TASK DESCRIPTION: Lines from the one containing "Foto del edificio" through the final line of the records below are needed, copied exactly, with no pictures.
━━ DATA PROVIDED ━━
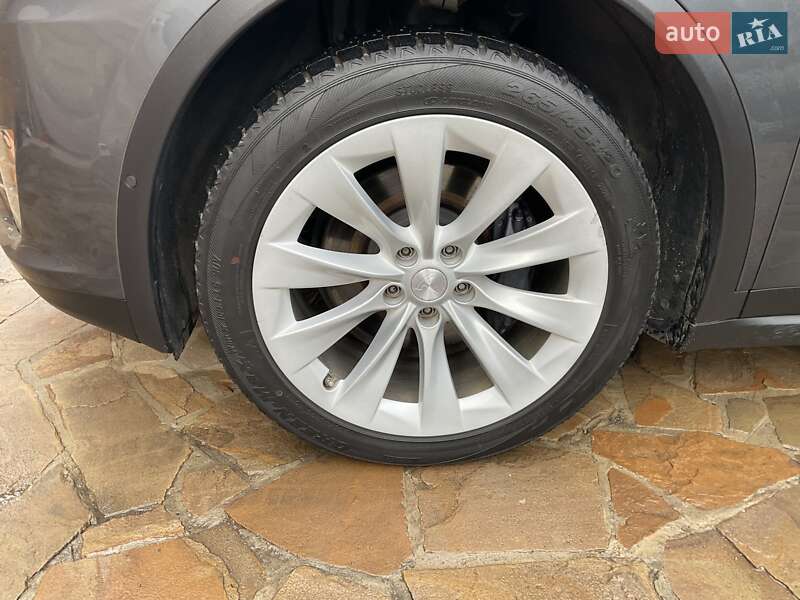Внедорожник / Кроссовер Tesla Model X 2019 в Ровно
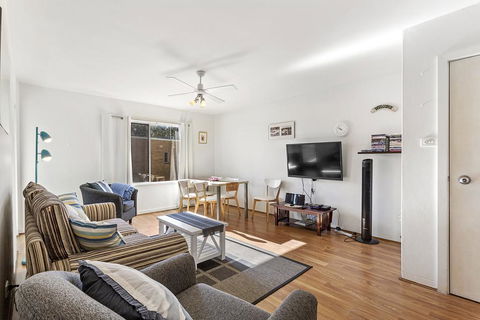 Bay Blue @ Nelson Bay- Just 3 Minutes Walk To Flypoint Beach And 10 Minutes Walk To Little Beach - South Australia Travel 1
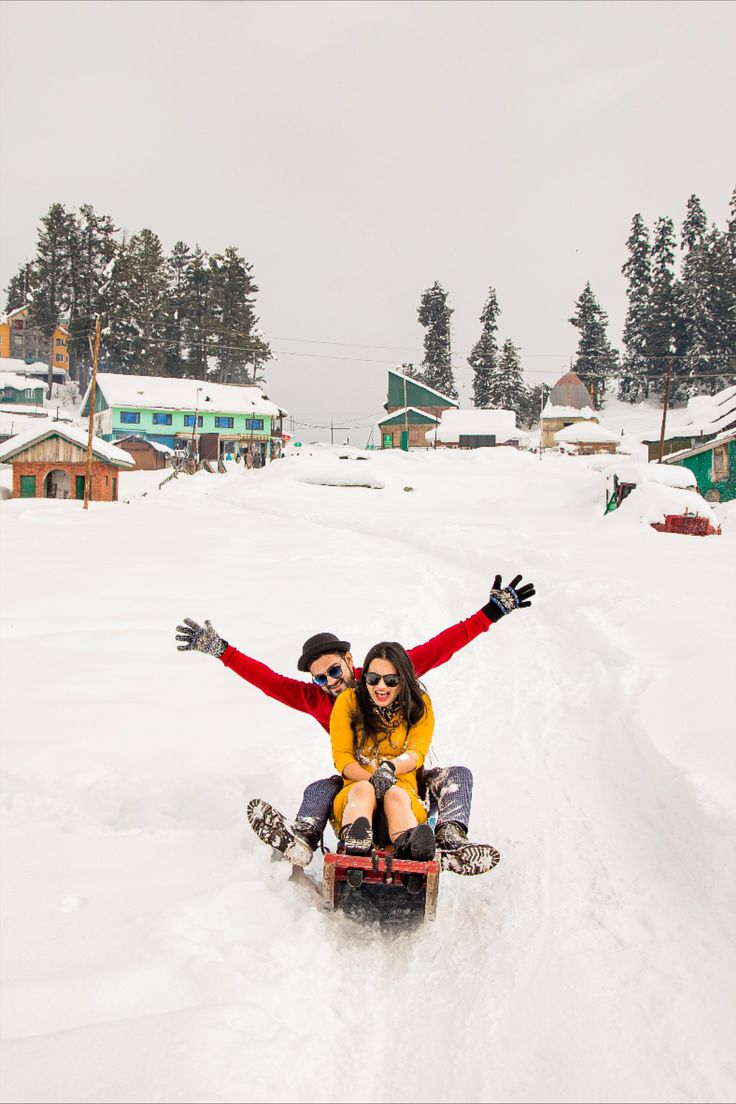 5D Kashmir Honeymoon Package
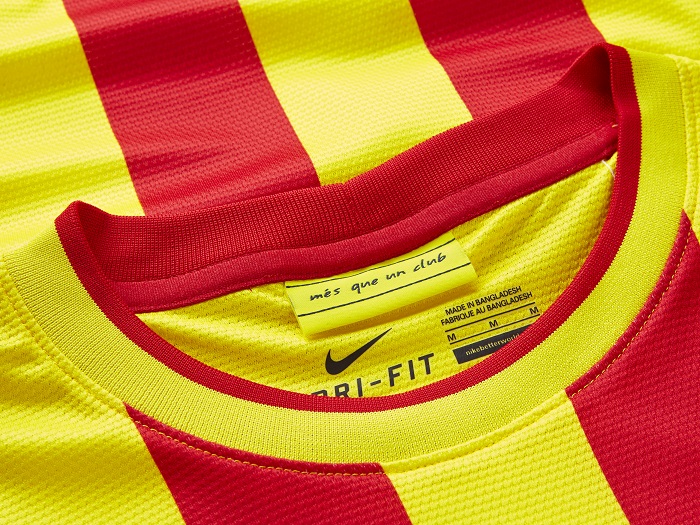 FC Barcelona away jersey neckline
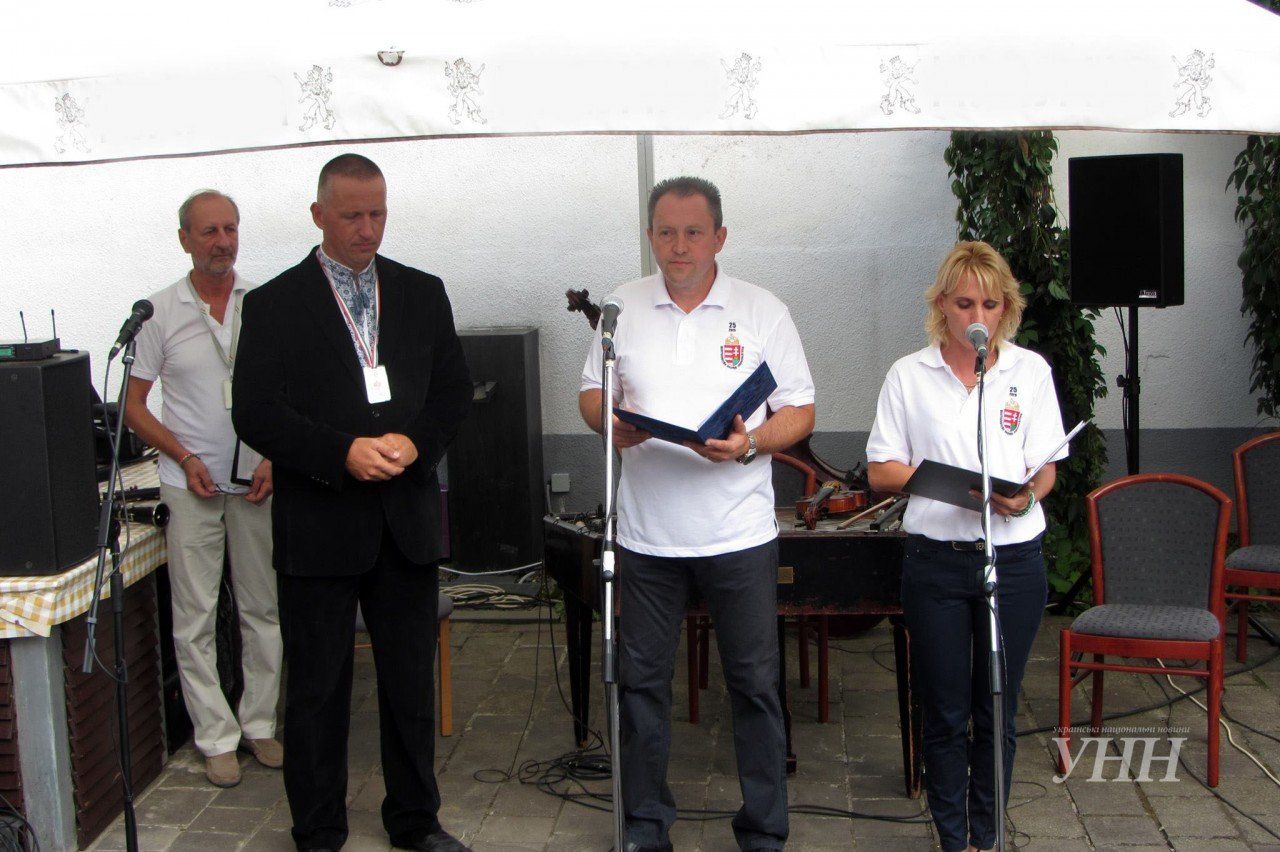 Участие в праздничных мероприятиях приняло руководство Закарпатской области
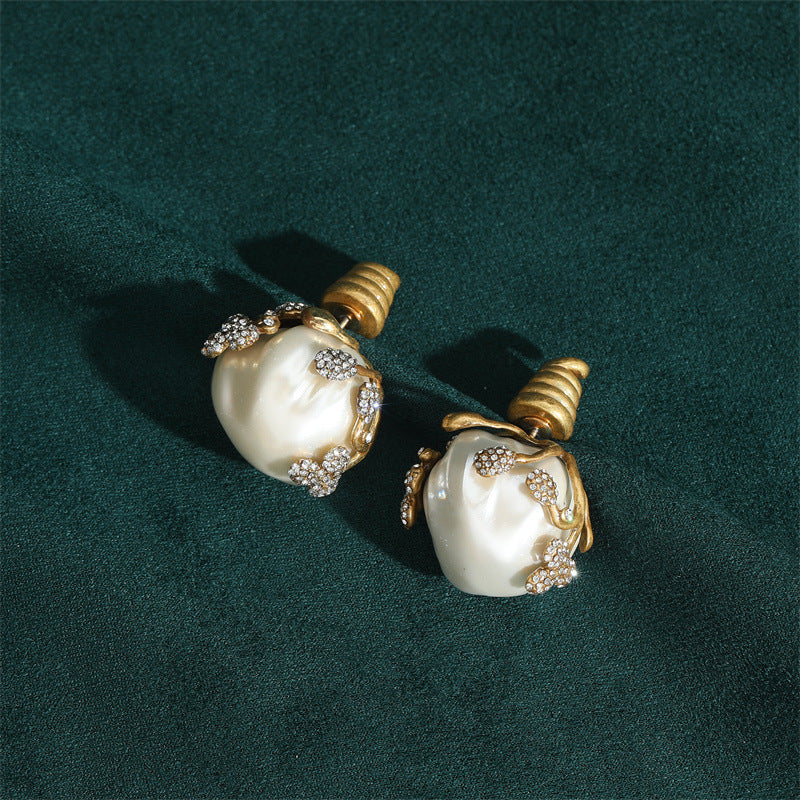 Personality Trendy Brass Baroque Pearl Necklace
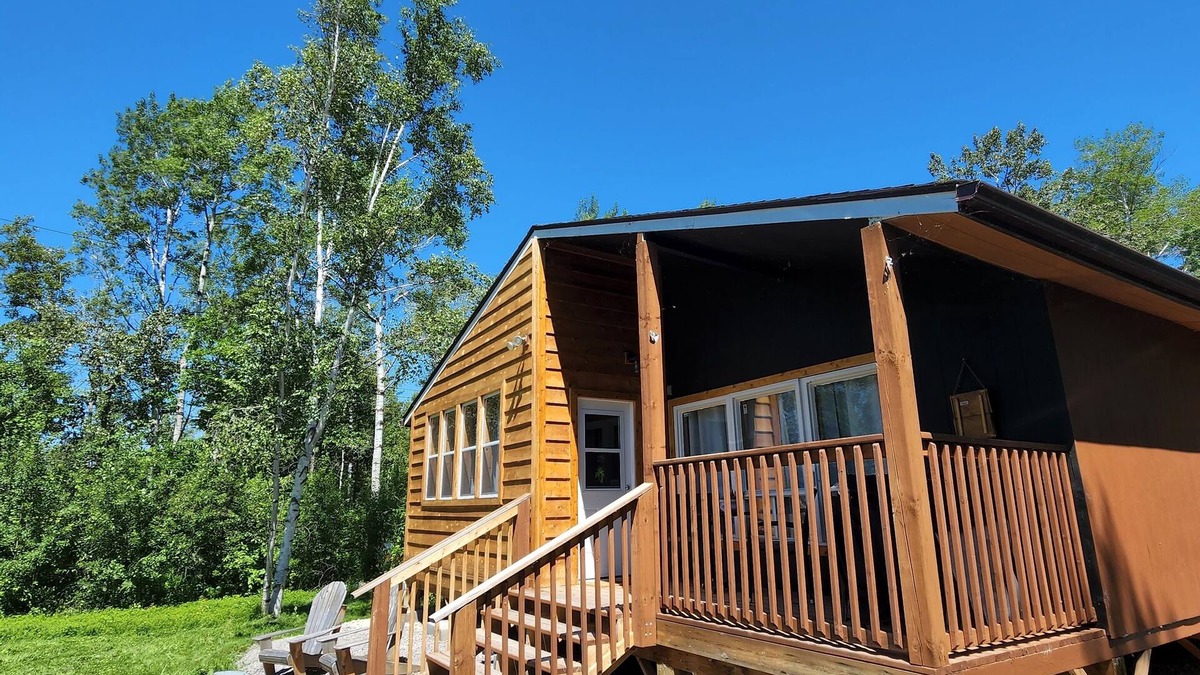 Beaconia Cabin | The cozy cabin… 12 minutes to Grand Beach!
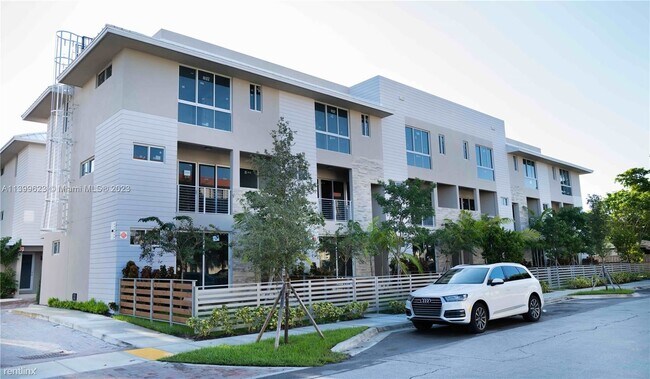 Foto del edificio - 3 br, 3.5 bath Townhome - 622 NE 12th Ave ...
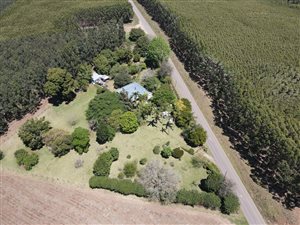 Farm in Melmoth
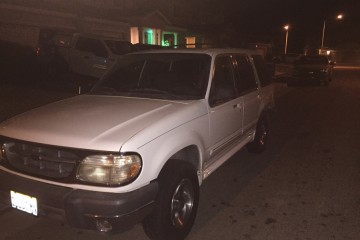 2000 Ford Explorer - Photo 2 of 2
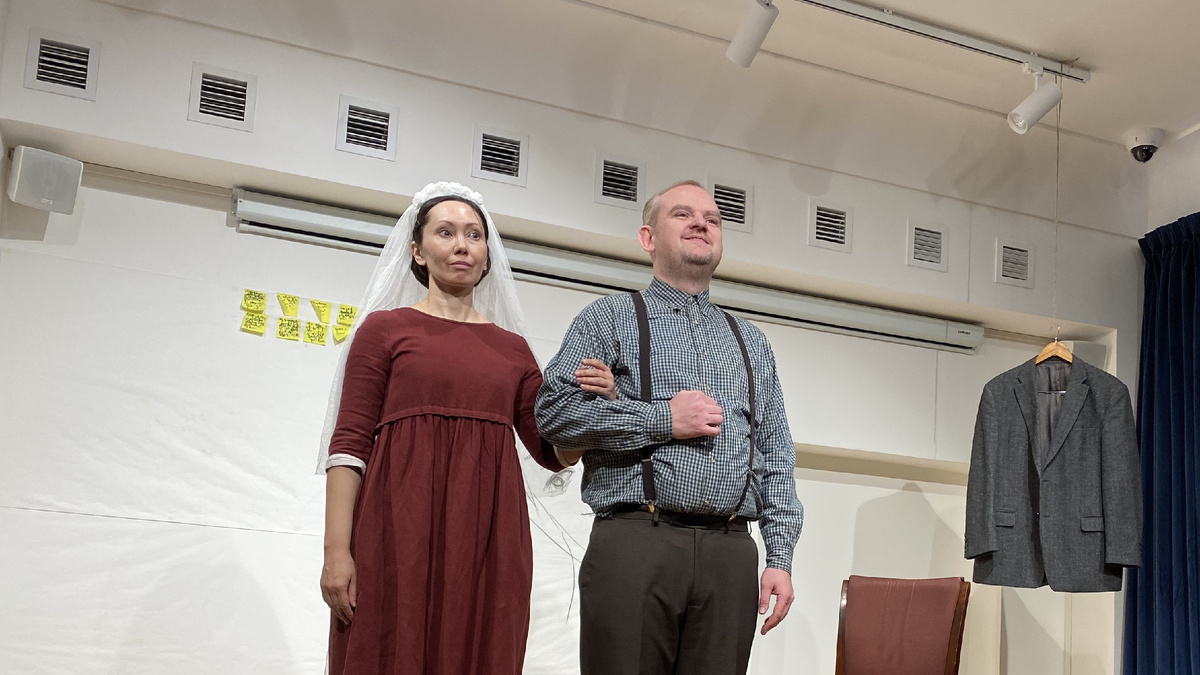 Сцена из спектакля "Кроткая"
━━━
YOUR SOLUTION:
 Foto del edificio - 3 br, 3.5 bath Townhome - 622 NE 12th Ave ...
 Farm in Melmoth
 2000 Ford Explorer - Photo 2 of 2
 Сцена из спектакля "Кроткая"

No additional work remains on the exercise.